YOUR INSTRUCTIONS => From the line containing "La-Vista-Del-C" down to the line containing "ขายอุปกรณ์ชุดต" in the records below, reproduce every line exactly, ends included, and omit all others.

━━━━━ EXTRACTED RECORDS

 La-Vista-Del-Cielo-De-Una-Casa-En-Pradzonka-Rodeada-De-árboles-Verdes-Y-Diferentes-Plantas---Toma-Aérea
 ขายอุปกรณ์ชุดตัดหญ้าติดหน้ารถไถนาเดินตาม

━━━━━━━━━━
━━━━━ EXTRACTED RECORDS

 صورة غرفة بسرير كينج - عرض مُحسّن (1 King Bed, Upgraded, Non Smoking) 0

━━━━━━━━━━

EXERCISE RESULT =>
 La-Vista-Del-Cielo-De-Una-Casa-En-Pradzonka-Rodeada-De-árboles-Verdes-Y-Diferentes-Plantas---Toma-Aérea
 ขายอุปกรณ์ชุดตัดหญ้าติดหน้ารถไถนาเดินตาม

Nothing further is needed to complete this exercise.